Prior to implementing any citizen engagement technique, please read our Before You Begin Checklist to set goals and expectations, identify stakeholders, and more.
How to Lead a Mini-Grants Initiative
1. Identify specific challenges in target communities that resident volunteers can address with the help of mini-grants and technical assistance from the city.
2. Identify key metrics that will help determine whether the mini-grant projects are making the intended impact in the community. Ensure that the city has the internal capacity or community resources to collect the metrics data.
3. Meet with the city’s finance and legal departments to discuss possible mechanisms for issuing mini-grants from city hall to citizen groups and necessary legal waivers for volunteer action.
4. Determine your overall budget, the number of mini-grants to be awarded, and the amount of each mini-grant.

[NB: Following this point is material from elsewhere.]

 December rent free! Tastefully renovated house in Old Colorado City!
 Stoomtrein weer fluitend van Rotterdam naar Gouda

5. Meet with external partners and other city departments that are active in the target community and have experience or expertise related to the identified challenge. Work with partners to identify opportunities to support potential mini-grant recipients. This could include community outreach, monetary and in-kind donations, skilled volunteers, or complementary services.
6. Draft a request for proposals (RFP) that includes a clear description of the mini-grant initiative, eligibility requirements, project parameters, submission deadline, data collection and reporting requirements, and a simple application form. Launch the RFP process, focusing outreach in target communities and providing support to potential applicants throughout the application period.

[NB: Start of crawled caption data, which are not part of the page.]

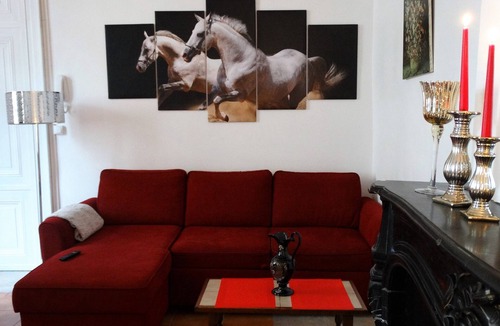Saumur Apartment | Large studio at the foot of the Château with private courtyard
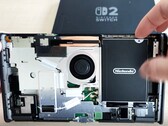 La nuova revisione di Nintendo Switch 2 consente di sostituire facilmente la batteria.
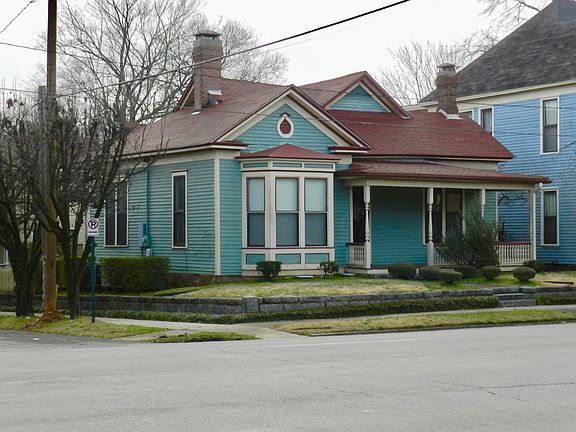 2nd image of 1501 Broadway St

7. Carefully review submissions and select the winning projects. As part of your review, determine the available resources, potential stakeholders, and technical assistance that citizens might need to be successful in their volunteer actions.
8. Notify the mini-grant recipients and confirm program requirements. Consider scheduling time with winners to create a detailed work plan, review expectations for reporting and data collection, and offer additional support, such as volunteer recruitment and city services.
9. Plan and execute a launch event to celebrate mini-grant winners, explain the desired impact of the work, recruit volunteers, and connect mini-grant recipients with one another.
10. Facilitate support for mini-grant projects by coordinating city services for project work days and liaising with external partners.
11. Attend work days to support the mini-grant projects, take photos, talk to volunteers, and gather stories.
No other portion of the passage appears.